INSURANCE: Innovative Insurance Equals Less Acquired Risk
February 1, 2000
Joseph Catanese
In the Wall Street Journal's list of 1999's hottest mergers, a Harvard University Professor of Finance Samuel Hayes was quoted as saying, "Whenever you buy another firm, you're buying a pig in a poke; you never know what you're buying until you open the bag and see the animal."
The Harvard professor's words ring true. Buying another firm entails many risks. But insurance programs protect the buyer and seller - thus addressing liability issues and concerns.
In the past, environmental liabilities were deal breakers. However, today's risk management strategies and insurance products prevent hidden environmental exposures from squashing deals. Now, insurance programs are as innovative as the transactions.
Insurance gives buyers comfort when closing a transactions. For example, a power utility recently purchased 12 bulk storage facilities and four propane distribution centers from a petroleum distributor. While an attractive buy for the utility, the facility required $10 million in cleanup. The buyer did not want to assume liability, so the utility suggested that the seller place $10 million in escrow. Anxious to sell, the distributor sought another solution.
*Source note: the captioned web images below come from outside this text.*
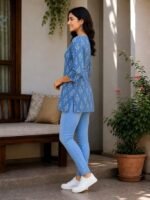 Women's Floral Printed Short Kurti | Soft & Lightweight Cotton Fabric | 3/4 Sleeve | Regular Fit | V-Neck | Ethnic Style | Casual Tunic Top | for Office & Daily - Image 3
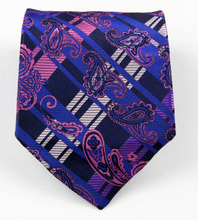 NT0380 Royal Pink Paisley Man s New Fashion Jacquard Woven Silk Polyester Tie Classic Business Party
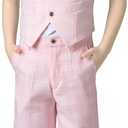 Boys Suits Slim Fit Formal Suits for Boy Tuxedo 2 Pcs Vest Shorts Set Lightweight Wedding Outfit (Pink)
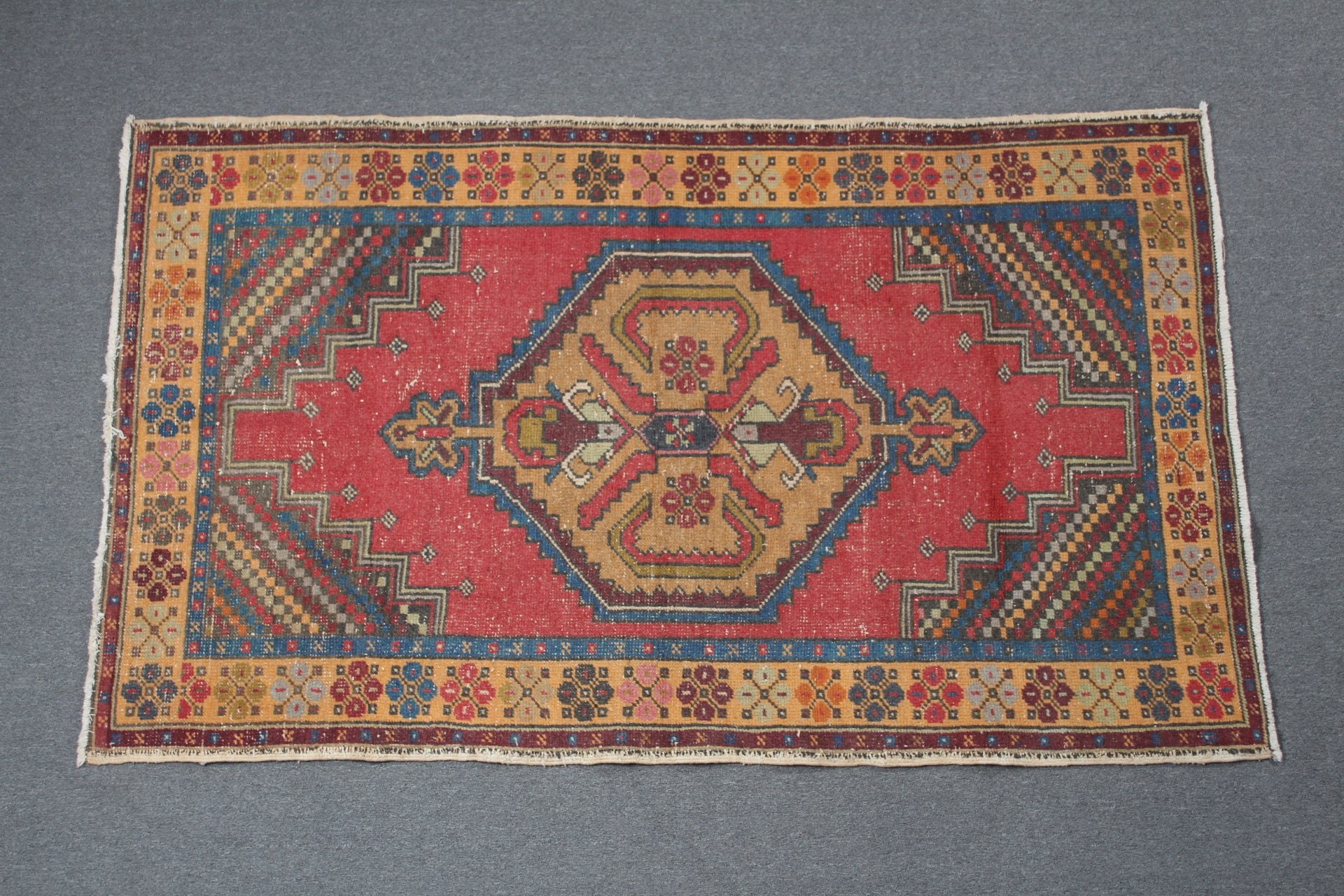 3.7x6.3 ft Accent Rug, Nursery Rug, Kitchen Rug, Red Oriental Rug, Bedroom Rug, Turkish Rug, Rugs for Kitchen, Vintage Rug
With the insurance broker's guidance, the seller purchased a program that combined an insurance policy with a funding mechanism for known and unknown environmental liabilities. With a $75 million liability limit, the policy was comprehensive and protected the seller and buyer against future claims. The policy also offered several types of other insurance including Remediation Stop Loss, which capped known cleanup activity costs. Next, the distributor's insurer suggested that $4 million was placed in escrow instead of the originally requested $10 million.
The additional anticipated $6 million in cleanup expenses was "fronted" by the insurer, which would collect the money through the seller's insurance policy. The provider also could collect from the Underground Storage Tank state fund, which helps owners pay cleanup costs, remediation and more.
This insurance program benefited both parties by satisfying concerns and allowing the seller to transfer its liabilities to its insurance provider. It also protected the buyer by naming the seller on the policy.
Working with a qualified insurance provider allowed both parties access to better project management. For example, $4 million instead of $10 million was a fair allocation of the cleanup costs. This program could be used to reduce after tax costs, since some insurance premiums can be a tax deduction.
So as the solid waste industry faces deal-breaking obstacles, the good news is that insurers can help design solutions to help bring a transaction to fruition.